══ THE DATA ══

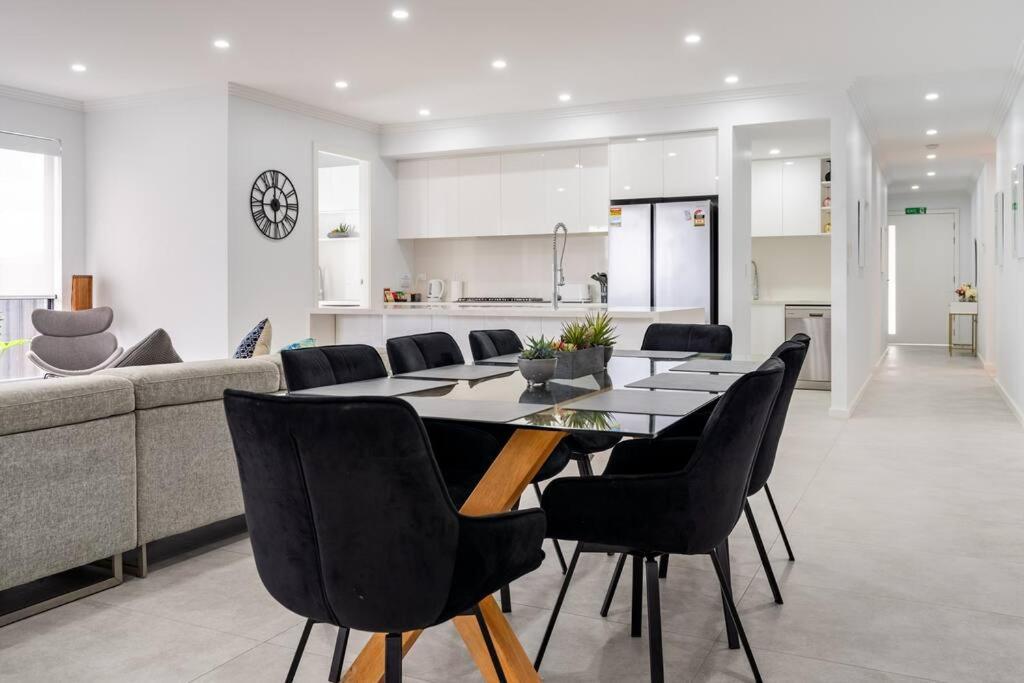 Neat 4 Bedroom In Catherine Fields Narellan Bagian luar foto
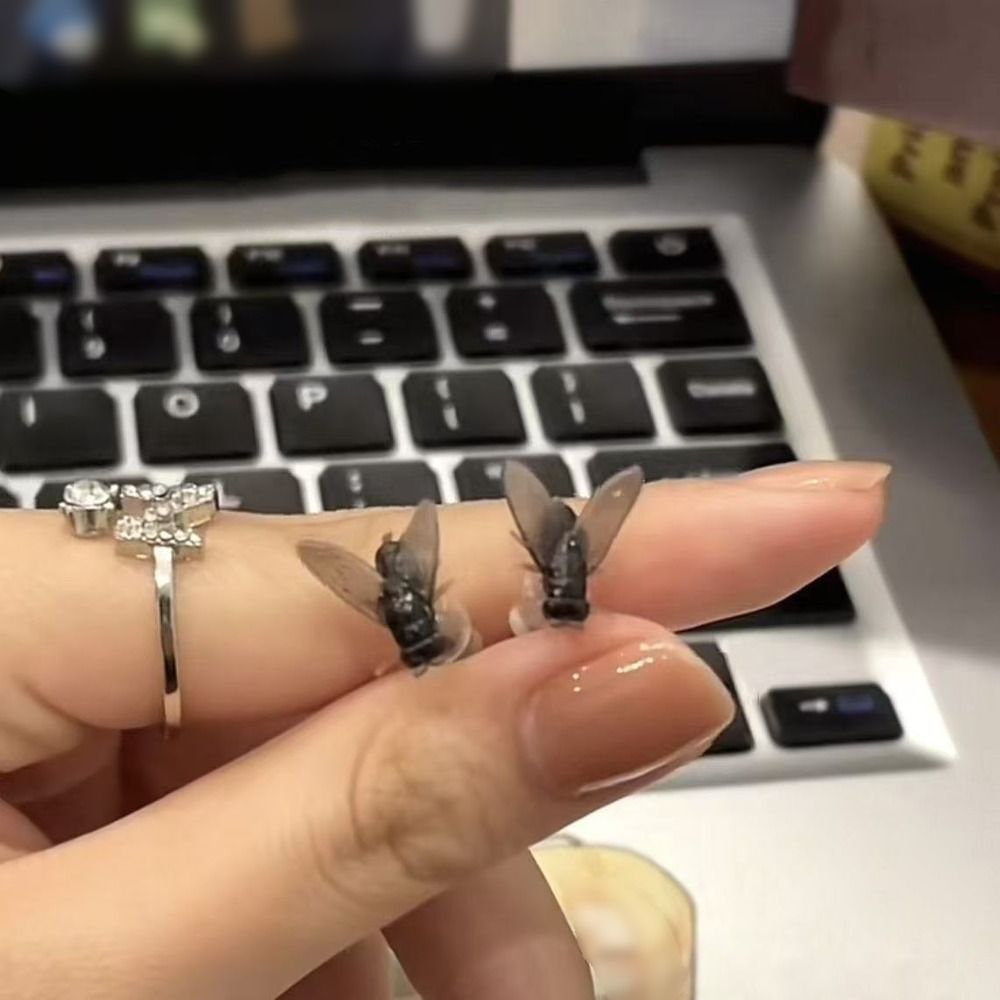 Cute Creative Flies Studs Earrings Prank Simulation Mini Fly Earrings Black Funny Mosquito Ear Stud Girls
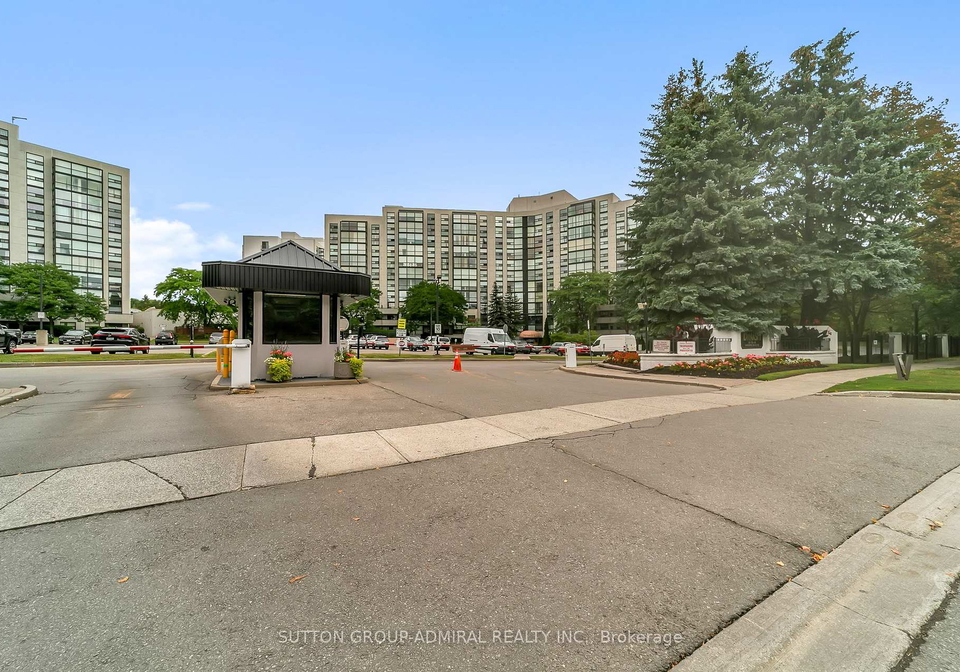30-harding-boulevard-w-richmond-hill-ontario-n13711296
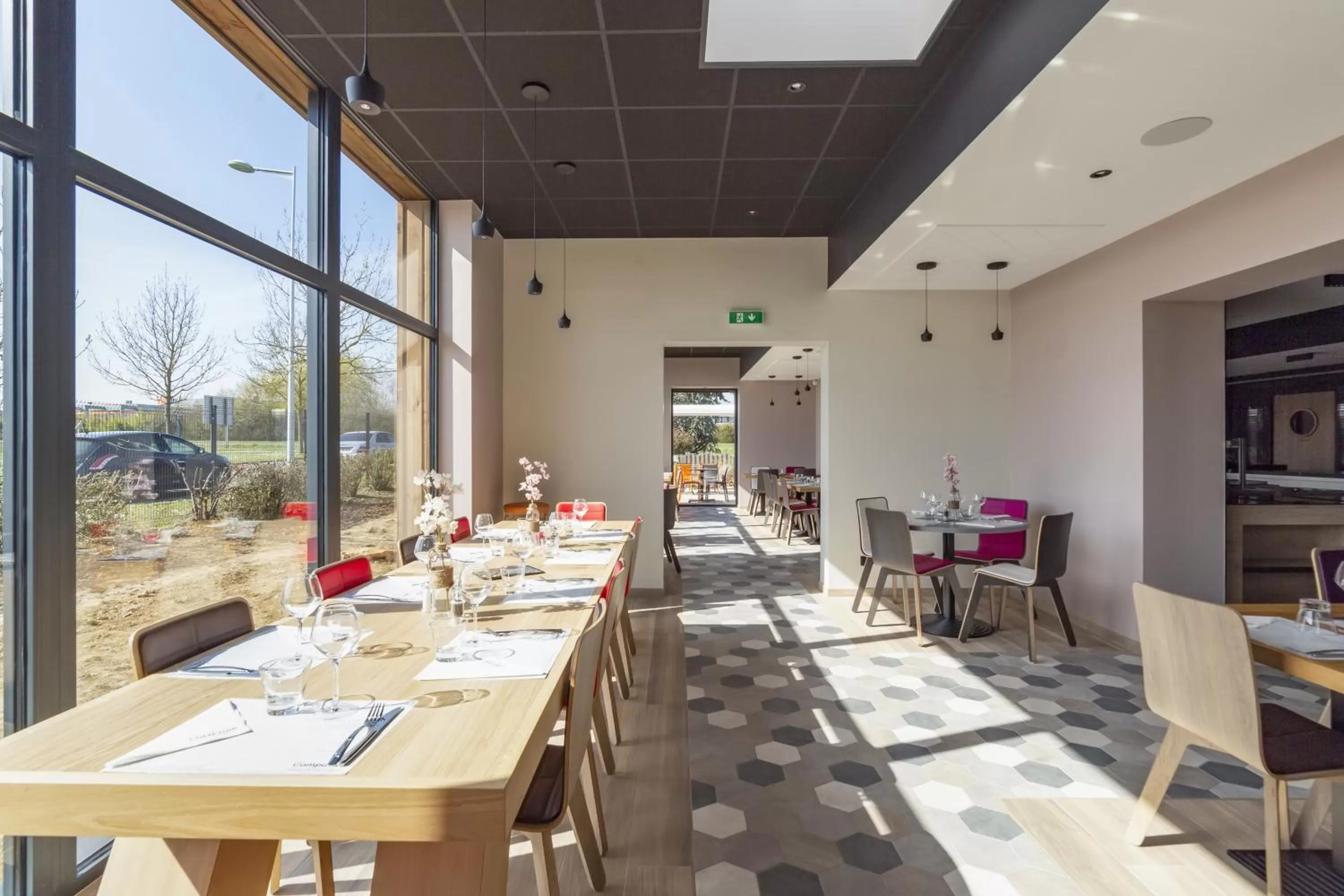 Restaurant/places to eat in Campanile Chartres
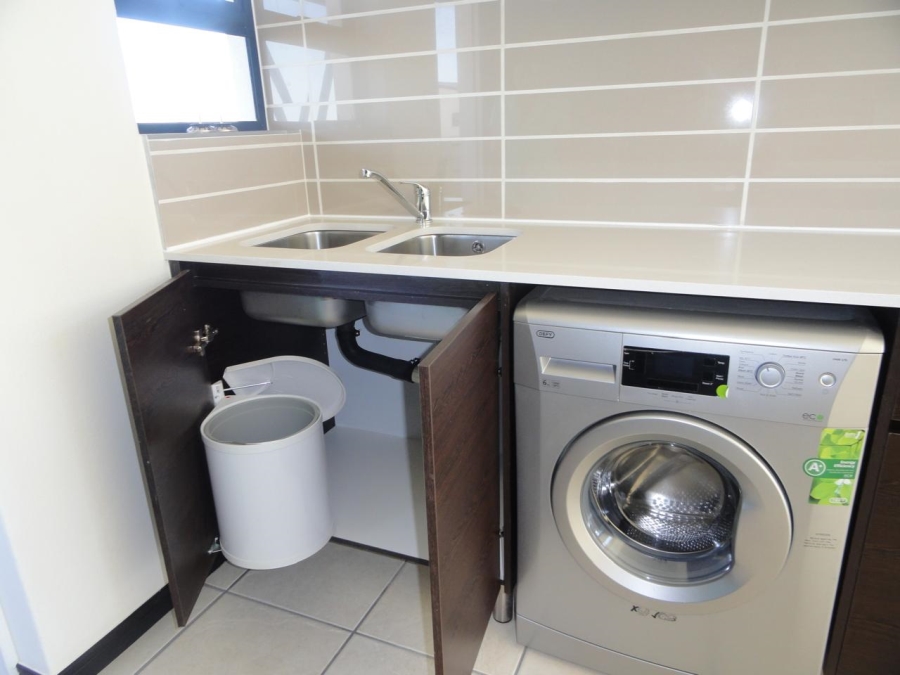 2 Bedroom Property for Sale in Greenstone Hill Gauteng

═══
══ THE DATA ══

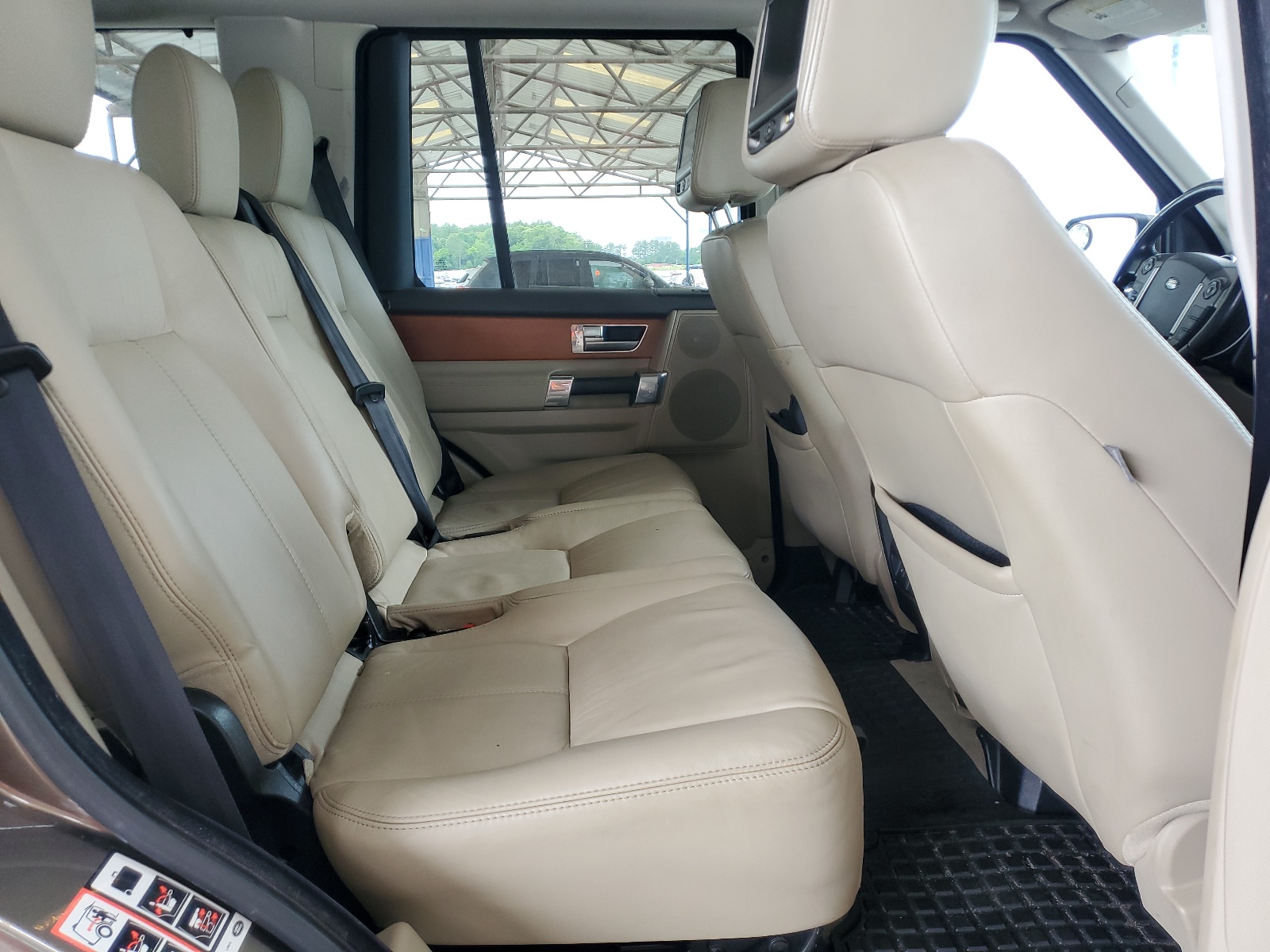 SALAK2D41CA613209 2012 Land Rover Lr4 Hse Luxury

═══

**EXERCISE**
Starting with the line that contains "Cute Creative Flies" and finishing with the line that contains "2 Bedroom Property", reproduce every line of the material above exactly, but not the pictures.

**PROBLEM SOLUTION**
 Cute Creative Flies Studs Earrings Prank Simulation Mini Fly Earrings Black Funny Mosquito Ear Stud Girls
30-harding-boulevard-w-richmond-hill-ontario-n13711296
 Restaurant/places to eat in Campanile Chartres
 2 Bedroom Property for Sale in Greenstone Hill Gauteng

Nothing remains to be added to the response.